*** Opening of Listed entries ***

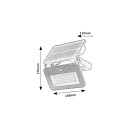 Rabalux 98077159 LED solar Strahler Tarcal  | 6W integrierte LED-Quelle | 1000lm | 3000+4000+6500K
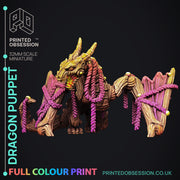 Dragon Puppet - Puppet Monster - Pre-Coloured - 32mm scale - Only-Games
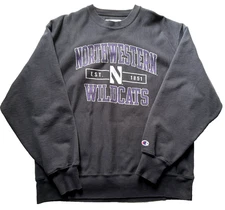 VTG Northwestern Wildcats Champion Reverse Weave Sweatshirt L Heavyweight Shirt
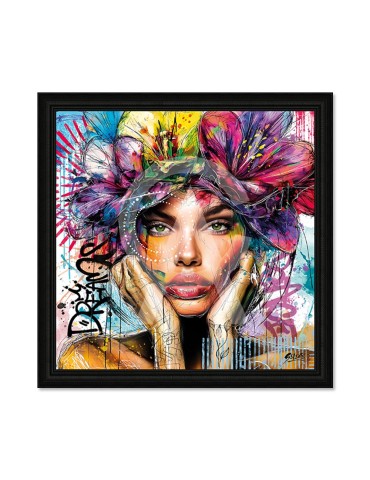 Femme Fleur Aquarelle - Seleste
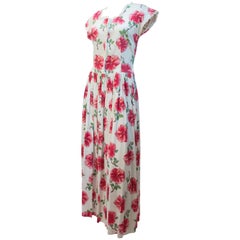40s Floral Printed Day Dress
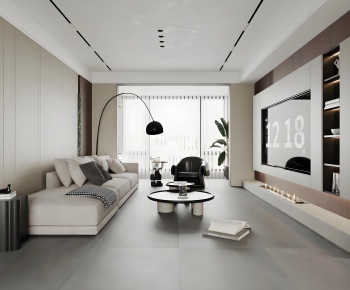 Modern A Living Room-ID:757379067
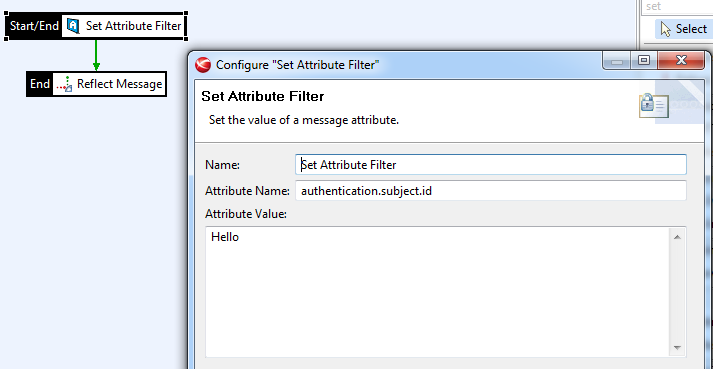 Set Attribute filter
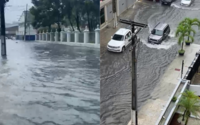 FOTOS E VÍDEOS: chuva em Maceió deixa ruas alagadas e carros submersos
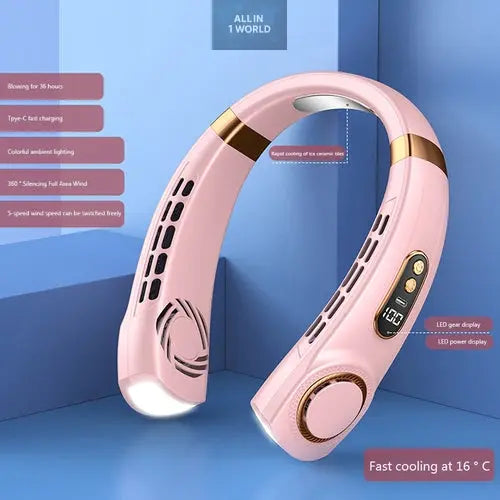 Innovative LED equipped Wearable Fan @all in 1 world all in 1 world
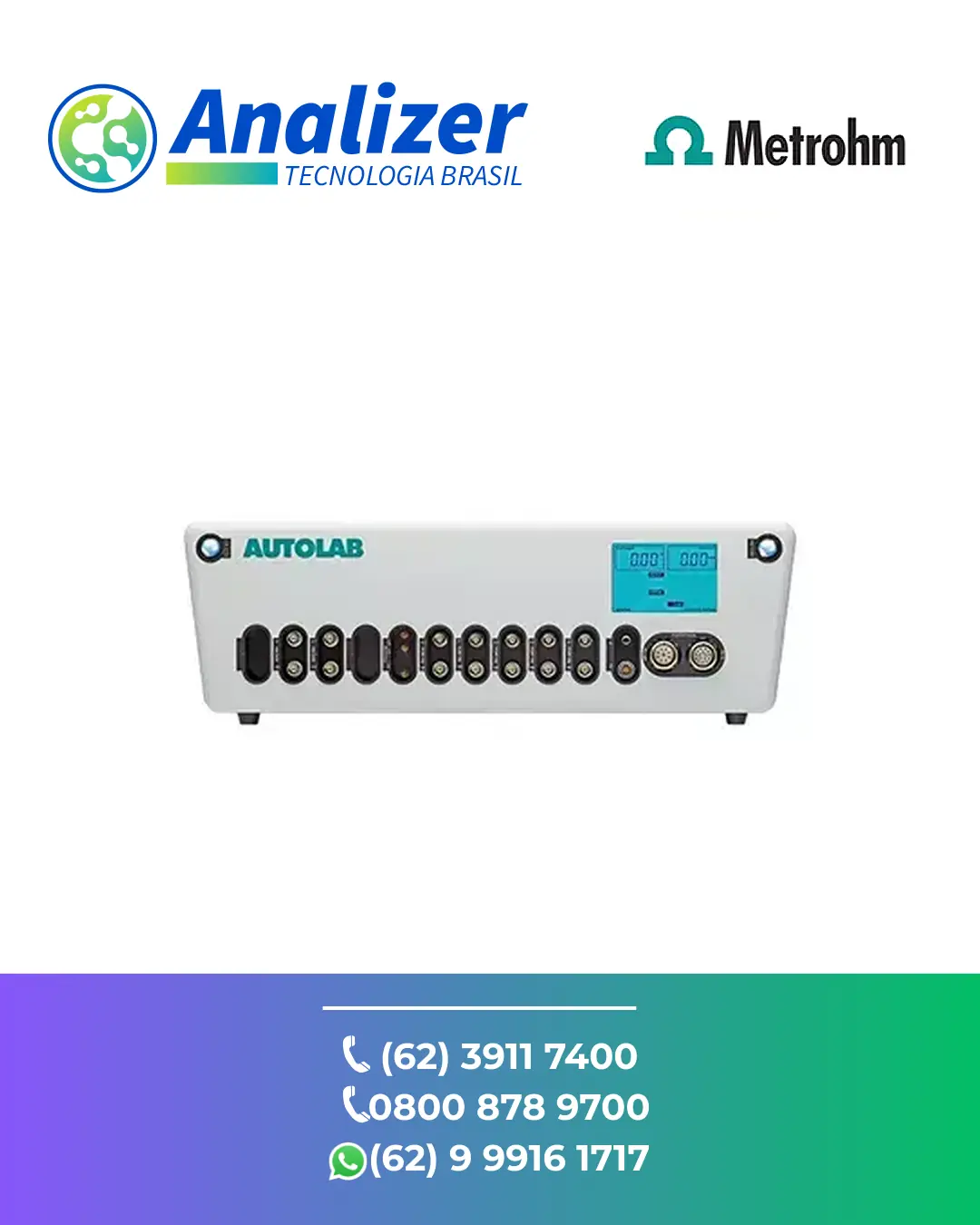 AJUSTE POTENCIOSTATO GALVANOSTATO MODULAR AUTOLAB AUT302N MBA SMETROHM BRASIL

*** Close of Listed entries ***

* _Directions_:
Take the line containing "40s Floral Printed Day Dress" through the last line of the material and retype exactly those lines, both ends included, with no pictures.

* _Result below_:
40s Floral Printed Day Dress
 Modern A Living Room-ID:757379067
 Set Attribute filter
 FOTOS E VÍDEOS: chuva em Maceió deixa ruas alagadas e carros submersos
 Innovative LED equipped Wearable Fan @all in 1 world all in 1 world
 AJUSTE POTENCIOSTATO GALVANOSTATO MODULAR AUTOLAB AUT302N MBA SMETROHM BRASIL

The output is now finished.